Items from a data source

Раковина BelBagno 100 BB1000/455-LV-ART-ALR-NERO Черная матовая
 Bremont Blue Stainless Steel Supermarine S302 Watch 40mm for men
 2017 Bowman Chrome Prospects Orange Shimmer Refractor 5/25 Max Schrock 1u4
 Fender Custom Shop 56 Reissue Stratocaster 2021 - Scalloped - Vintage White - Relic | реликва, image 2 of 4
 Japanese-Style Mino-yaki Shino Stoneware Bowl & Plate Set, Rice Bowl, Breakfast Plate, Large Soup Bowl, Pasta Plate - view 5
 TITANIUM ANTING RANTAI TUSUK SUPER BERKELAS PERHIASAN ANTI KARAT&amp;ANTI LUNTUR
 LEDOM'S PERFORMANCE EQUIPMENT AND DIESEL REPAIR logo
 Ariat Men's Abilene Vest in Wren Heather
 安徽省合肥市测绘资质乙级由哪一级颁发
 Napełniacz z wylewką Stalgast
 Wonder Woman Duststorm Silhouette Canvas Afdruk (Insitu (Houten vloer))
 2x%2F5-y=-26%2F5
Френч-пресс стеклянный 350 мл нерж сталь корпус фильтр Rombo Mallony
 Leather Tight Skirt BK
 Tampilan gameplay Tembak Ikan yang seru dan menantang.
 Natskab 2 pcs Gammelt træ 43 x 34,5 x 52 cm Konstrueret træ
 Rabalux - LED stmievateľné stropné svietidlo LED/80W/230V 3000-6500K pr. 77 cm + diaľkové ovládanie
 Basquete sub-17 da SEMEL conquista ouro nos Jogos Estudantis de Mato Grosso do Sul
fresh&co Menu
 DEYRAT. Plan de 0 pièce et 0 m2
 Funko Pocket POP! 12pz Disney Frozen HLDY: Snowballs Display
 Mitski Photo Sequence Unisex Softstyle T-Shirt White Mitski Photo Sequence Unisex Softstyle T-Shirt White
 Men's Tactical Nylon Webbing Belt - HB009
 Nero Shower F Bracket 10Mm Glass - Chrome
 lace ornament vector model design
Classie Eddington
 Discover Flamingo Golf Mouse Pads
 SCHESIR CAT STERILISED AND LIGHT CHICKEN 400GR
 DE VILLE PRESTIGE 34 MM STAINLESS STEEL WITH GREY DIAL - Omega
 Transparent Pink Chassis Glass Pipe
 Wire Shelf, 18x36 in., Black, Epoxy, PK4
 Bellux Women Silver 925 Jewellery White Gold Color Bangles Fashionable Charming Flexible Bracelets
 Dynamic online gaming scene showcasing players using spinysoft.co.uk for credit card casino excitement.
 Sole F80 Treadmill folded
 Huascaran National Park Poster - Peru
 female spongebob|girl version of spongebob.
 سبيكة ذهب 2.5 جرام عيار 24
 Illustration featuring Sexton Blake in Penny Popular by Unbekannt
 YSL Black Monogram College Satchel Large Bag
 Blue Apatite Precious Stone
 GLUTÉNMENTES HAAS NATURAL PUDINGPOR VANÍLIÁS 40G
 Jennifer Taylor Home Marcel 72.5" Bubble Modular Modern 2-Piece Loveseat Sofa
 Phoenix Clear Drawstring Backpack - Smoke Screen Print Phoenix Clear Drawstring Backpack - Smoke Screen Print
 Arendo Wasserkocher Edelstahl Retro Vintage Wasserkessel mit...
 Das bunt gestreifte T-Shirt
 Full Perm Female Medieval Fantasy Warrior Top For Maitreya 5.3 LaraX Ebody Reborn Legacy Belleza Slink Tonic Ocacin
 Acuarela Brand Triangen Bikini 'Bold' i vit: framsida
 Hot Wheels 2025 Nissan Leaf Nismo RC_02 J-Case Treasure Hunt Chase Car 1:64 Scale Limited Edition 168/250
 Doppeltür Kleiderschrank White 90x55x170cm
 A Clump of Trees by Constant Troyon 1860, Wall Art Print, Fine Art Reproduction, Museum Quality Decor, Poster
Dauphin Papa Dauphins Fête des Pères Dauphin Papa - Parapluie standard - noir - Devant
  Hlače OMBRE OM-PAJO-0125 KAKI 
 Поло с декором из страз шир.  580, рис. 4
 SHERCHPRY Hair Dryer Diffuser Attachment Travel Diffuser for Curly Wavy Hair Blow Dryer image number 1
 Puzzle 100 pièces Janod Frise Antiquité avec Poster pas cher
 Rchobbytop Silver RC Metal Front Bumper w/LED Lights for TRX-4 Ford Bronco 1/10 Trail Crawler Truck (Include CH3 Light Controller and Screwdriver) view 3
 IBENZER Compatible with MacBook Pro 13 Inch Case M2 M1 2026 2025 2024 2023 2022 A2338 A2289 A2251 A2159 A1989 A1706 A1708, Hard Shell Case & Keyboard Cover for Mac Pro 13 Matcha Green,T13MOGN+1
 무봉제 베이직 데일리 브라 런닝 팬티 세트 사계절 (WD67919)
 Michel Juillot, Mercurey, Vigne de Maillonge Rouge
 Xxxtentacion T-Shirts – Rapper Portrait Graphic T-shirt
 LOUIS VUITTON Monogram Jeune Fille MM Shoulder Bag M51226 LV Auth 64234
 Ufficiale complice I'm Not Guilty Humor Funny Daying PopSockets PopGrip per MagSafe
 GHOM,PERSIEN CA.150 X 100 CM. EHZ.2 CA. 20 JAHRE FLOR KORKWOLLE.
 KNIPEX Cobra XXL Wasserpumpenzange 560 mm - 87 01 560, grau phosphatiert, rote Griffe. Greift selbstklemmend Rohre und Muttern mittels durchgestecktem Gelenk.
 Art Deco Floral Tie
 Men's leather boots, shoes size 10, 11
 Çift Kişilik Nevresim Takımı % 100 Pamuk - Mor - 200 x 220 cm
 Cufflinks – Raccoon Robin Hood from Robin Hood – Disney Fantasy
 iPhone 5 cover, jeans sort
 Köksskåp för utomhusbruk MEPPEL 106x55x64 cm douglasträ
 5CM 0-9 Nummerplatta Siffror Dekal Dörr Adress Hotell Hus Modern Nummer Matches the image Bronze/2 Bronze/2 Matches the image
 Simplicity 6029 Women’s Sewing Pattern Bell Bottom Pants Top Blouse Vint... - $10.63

ASSIGNMENT
Write down every line of the data above that includes the string "White".

RESULT OF THE TASK
 Fender Custom Shop 56 Reissue Stratocaster 2021 - Scalloped - Vintage White - Relic | реликва, image 2 of 4
 Mitski Photo Sequence Unisex Softstyle T-Shirt White Mitski Photo Sequence Unisex Softstyle T-Shirt White
 Bellux Women Silver 925 Jewellery White Gold Color Bangles Fashionable Charming Flexible Bracelets
 Doppeltür Kleiderschrank White 90x55x170cm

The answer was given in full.